**TASK TO CARRY OUT**
Copy the records below exactly, starting at the line that contains "Music Producer - jeromerobins" and ending at the line that contains "Gorgy Timing"; leave out any pictures.

**EXERCISE DATA**
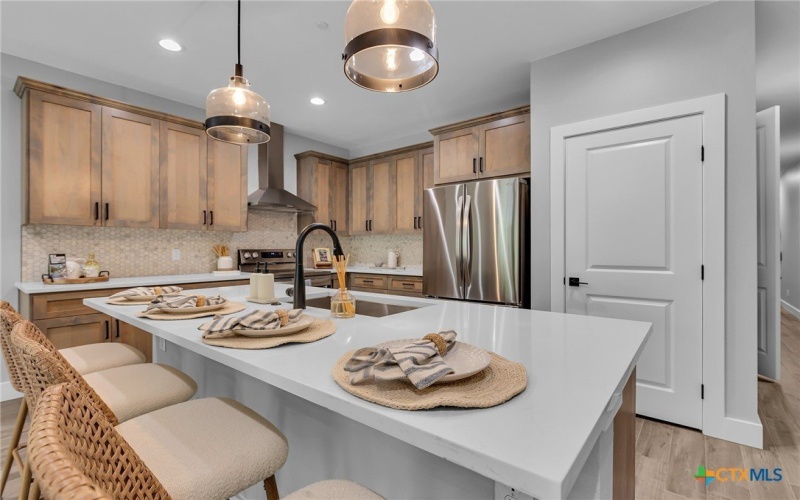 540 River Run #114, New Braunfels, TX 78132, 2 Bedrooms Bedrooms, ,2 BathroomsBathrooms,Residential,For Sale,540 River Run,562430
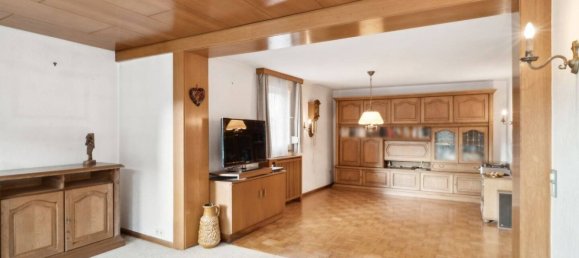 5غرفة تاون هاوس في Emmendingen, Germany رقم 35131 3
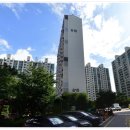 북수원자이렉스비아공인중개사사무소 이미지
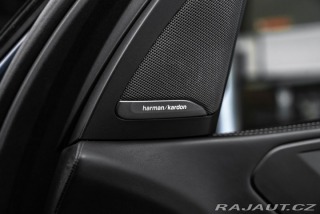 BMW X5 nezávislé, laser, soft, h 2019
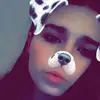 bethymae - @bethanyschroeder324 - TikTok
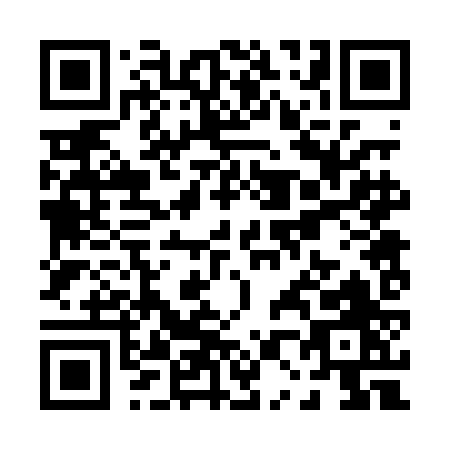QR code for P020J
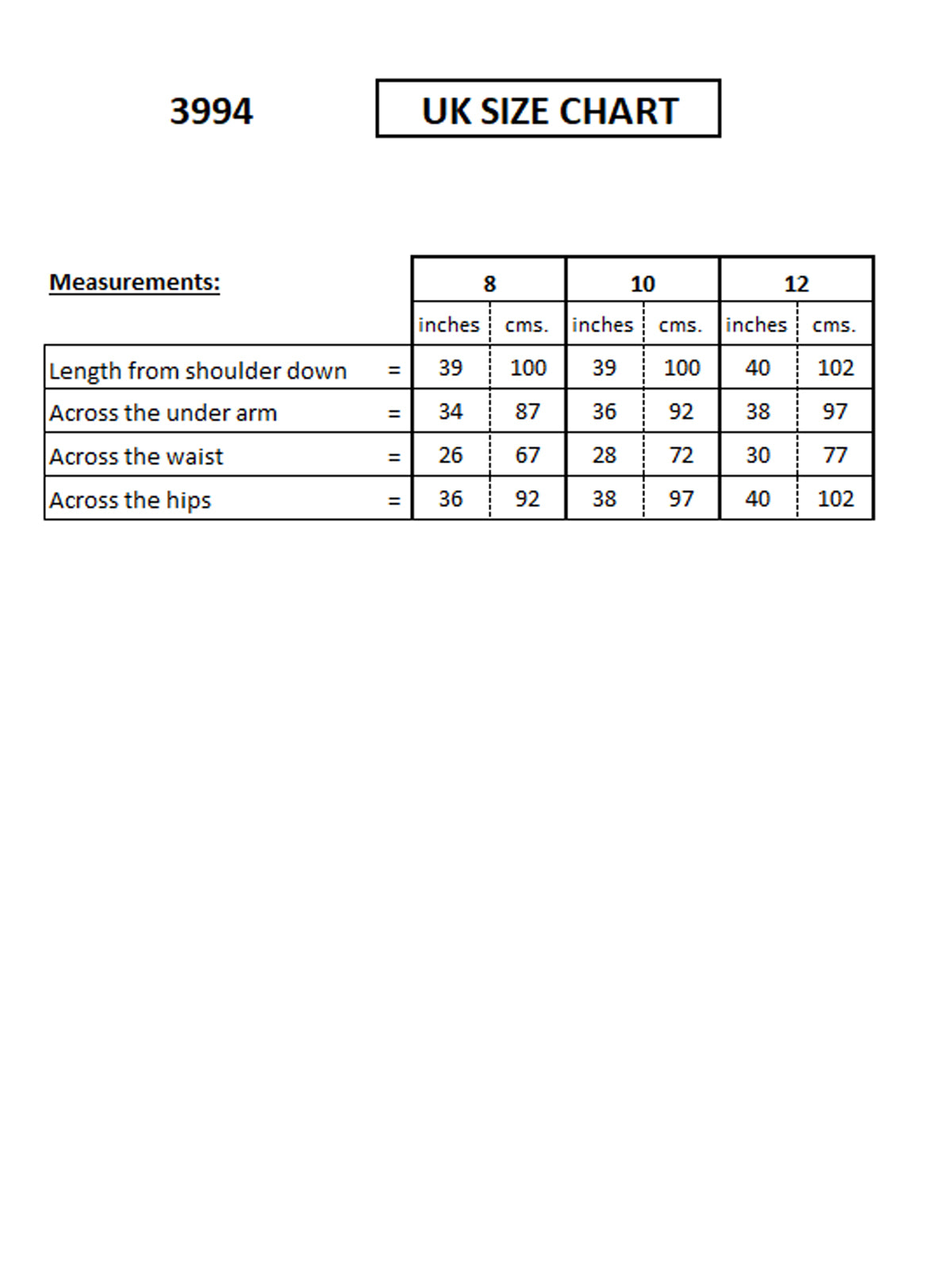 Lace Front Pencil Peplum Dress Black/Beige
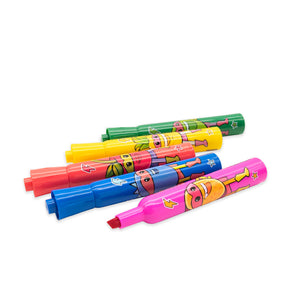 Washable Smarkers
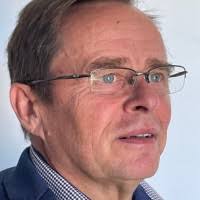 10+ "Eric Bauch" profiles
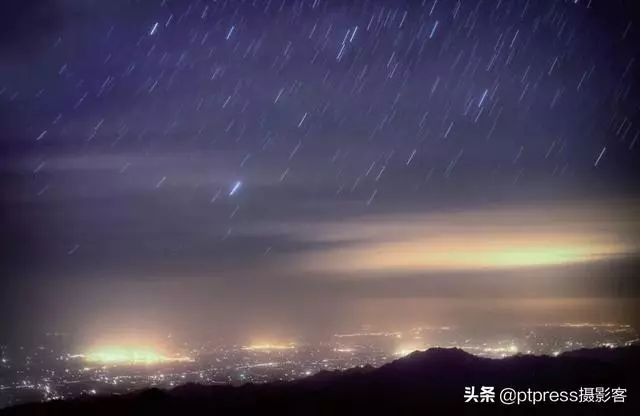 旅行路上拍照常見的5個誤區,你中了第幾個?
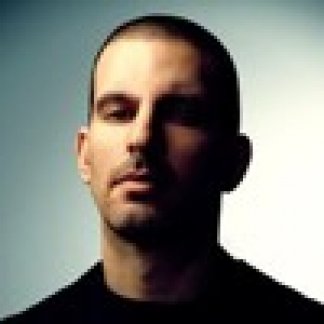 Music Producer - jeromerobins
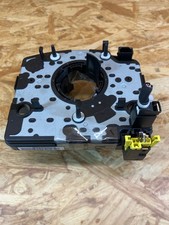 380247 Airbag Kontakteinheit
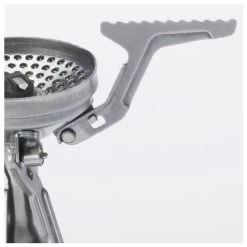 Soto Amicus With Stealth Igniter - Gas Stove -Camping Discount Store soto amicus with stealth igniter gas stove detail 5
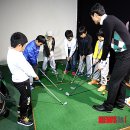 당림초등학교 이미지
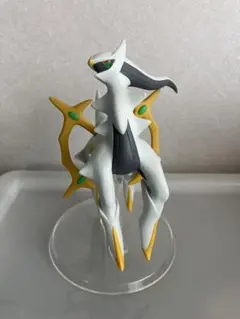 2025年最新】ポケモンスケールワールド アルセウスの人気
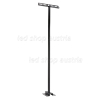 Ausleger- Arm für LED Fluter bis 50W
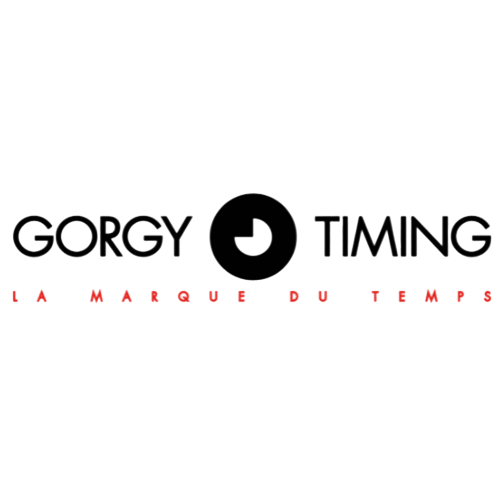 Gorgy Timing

--

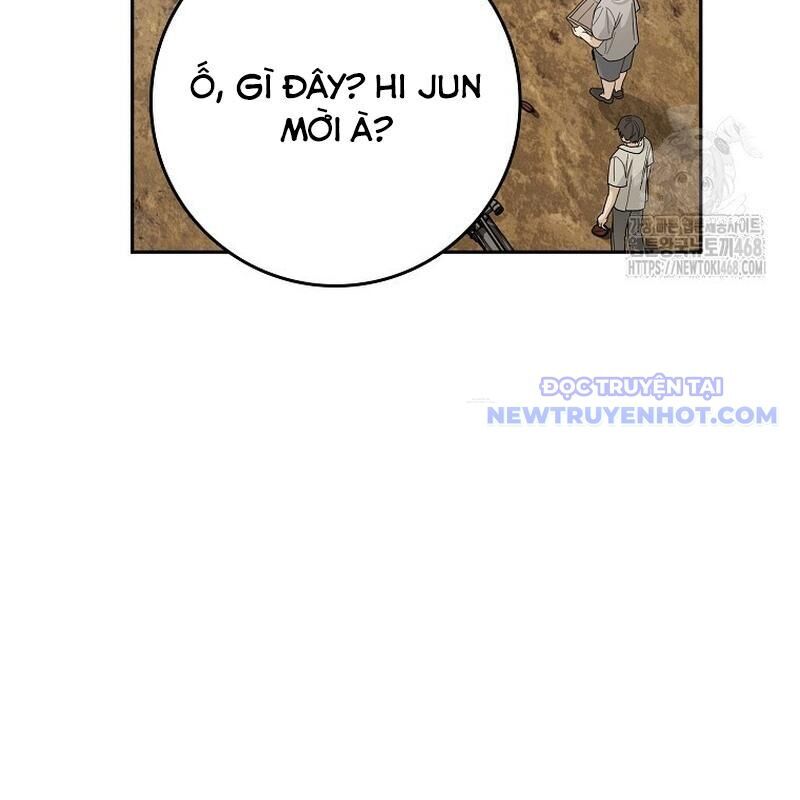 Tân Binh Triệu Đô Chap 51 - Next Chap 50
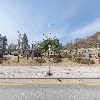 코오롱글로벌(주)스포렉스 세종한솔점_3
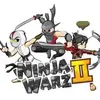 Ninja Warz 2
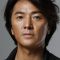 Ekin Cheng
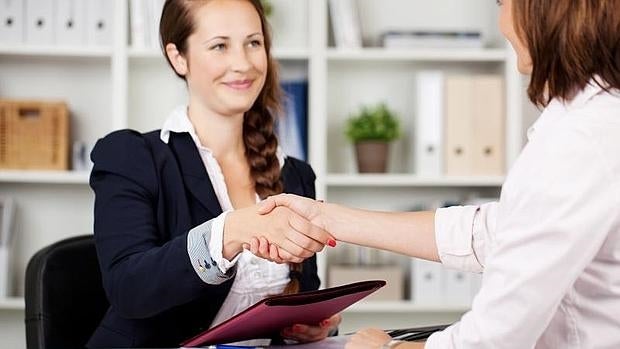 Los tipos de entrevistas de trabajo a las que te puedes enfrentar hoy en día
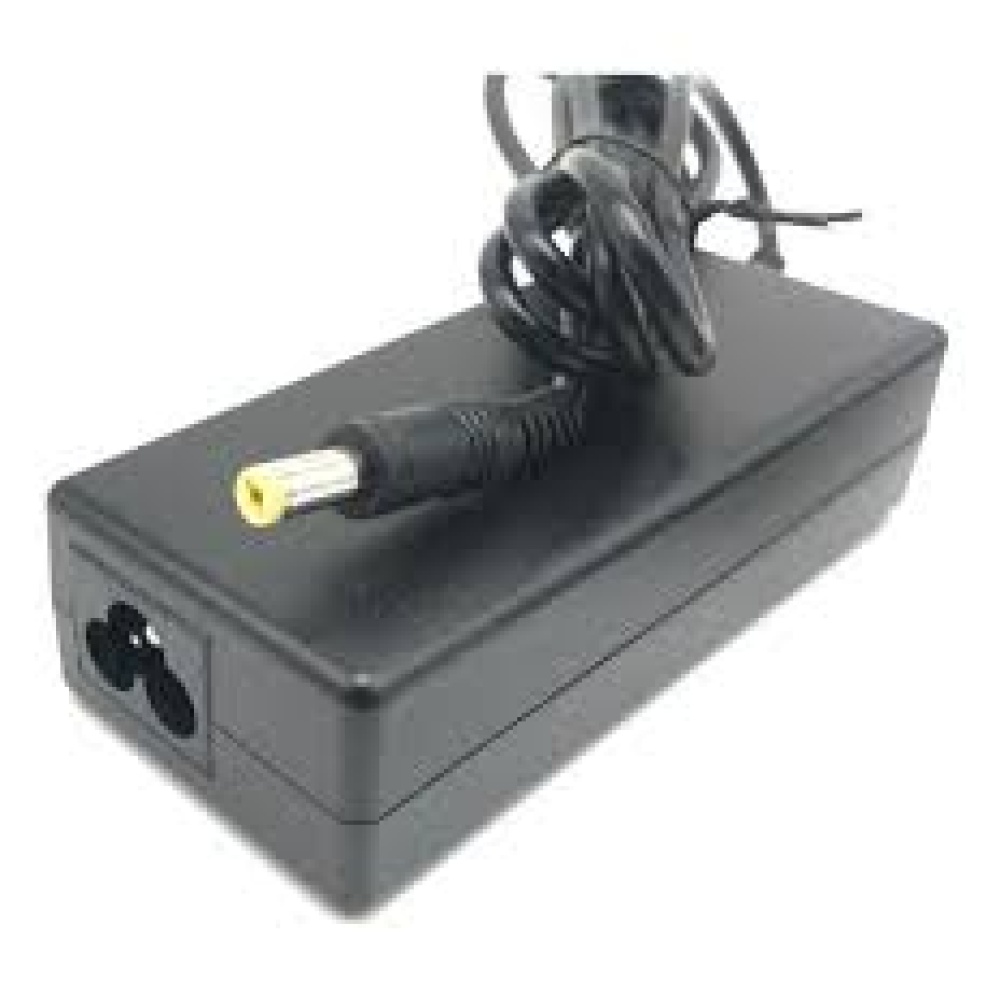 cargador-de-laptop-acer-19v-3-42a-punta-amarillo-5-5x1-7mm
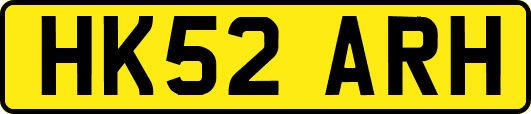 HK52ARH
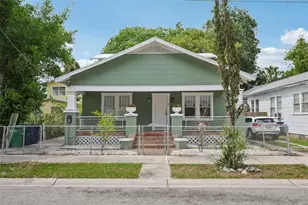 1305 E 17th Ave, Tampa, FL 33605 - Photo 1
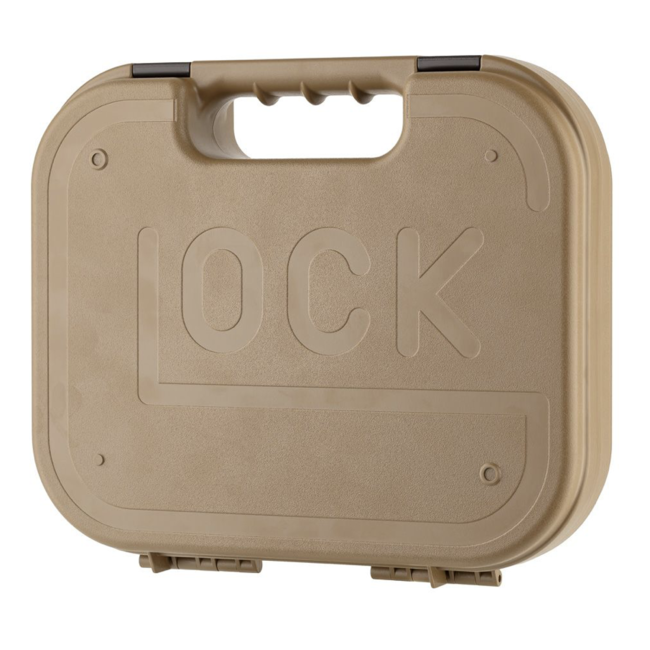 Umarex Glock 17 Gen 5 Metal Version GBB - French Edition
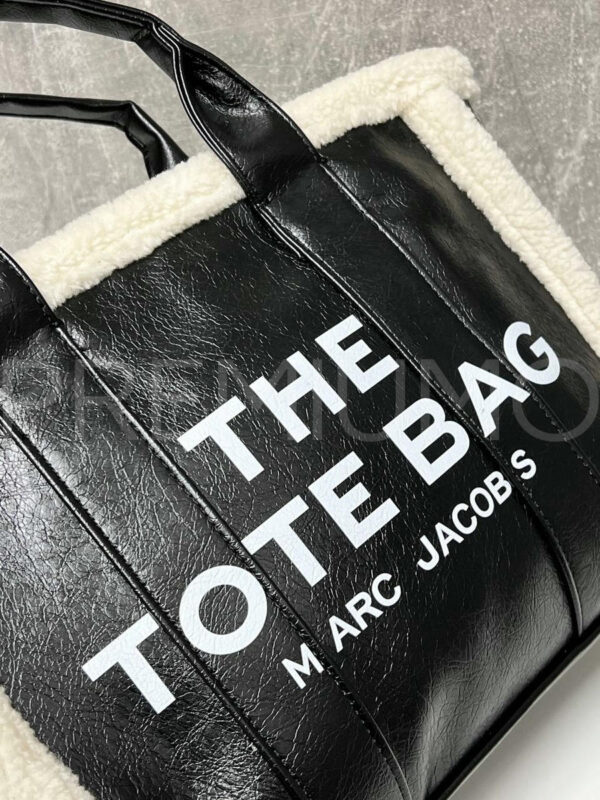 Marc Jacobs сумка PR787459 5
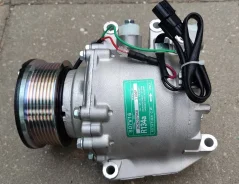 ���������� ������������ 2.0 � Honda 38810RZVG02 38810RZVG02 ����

**RESPONSE TO THIS TASK**
 Music Producer - jeromerobins
 380247 Airbag Kontakteinheit
 Soto Amicus With Stealth Igniter - Gas Stove -Camping Discount Store soto amicus with stealth igniter gas stove detail 5
 당림초등학교 이미지
 2025年最新】ポケモンスケールワールド アルセウスの人気
 Ausleger- Arm für LED Fluter bis 50W
 Gorgy Timing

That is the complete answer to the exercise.